### Problem details
What lines of the data below hold "Control"? Show them.
..............................
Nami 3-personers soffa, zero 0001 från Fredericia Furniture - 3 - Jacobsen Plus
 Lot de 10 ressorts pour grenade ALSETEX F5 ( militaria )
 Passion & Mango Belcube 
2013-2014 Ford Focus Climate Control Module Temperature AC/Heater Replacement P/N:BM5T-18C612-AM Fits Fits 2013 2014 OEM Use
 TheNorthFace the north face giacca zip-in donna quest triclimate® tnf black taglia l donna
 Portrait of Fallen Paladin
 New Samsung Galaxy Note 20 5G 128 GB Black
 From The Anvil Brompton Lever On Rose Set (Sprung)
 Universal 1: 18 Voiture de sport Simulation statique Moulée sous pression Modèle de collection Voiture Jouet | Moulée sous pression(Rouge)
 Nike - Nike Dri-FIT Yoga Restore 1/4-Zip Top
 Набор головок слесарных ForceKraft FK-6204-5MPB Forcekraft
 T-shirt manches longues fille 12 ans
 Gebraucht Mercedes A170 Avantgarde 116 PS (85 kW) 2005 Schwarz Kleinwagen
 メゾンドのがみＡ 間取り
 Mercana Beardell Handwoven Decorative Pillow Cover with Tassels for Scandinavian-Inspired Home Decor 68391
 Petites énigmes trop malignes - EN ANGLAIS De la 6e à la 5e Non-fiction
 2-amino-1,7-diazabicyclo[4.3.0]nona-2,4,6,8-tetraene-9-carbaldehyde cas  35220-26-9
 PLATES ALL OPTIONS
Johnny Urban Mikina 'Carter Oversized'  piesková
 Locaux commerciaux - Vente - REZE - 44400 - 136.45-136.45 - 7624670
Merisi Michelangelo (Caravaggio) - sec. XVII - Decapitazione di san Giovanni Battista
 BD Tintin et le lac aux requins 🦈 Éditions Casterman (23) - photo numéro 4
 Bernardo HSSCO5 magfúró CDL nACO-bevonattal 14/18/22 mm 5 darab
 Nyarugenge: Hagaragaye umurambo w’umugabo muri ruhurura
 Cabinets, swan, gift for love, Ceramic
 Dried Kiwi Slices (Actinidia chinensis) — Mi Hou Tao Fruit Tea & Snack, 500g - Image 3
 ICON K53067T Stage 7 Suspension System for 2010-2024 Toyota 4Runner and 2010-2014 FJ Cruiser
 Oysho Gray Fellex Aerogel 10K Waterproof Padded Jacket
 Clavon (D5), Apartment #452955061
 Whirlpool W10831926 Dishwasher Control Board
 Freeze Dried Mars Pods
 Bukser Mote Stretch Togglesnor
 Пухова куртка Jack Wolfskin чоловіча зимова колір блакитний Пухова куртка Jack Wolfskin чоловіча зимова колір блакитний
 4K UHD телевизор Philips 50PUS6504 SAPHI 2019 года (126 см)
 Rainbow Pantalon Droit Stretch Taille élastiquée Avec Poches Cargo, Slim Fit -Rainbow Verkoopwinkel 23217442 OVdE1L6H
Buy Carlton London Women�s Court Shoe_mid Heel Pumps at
..............................
### Exercise solution
2013-2014 Ford Focus Climate Control Module Temperature AC/Heater Replacement P/N:BM5T-18C612-AM Fits Fits 2013 2014 OEM Use
 Whirlpool W10831926 Dishwasher Control Board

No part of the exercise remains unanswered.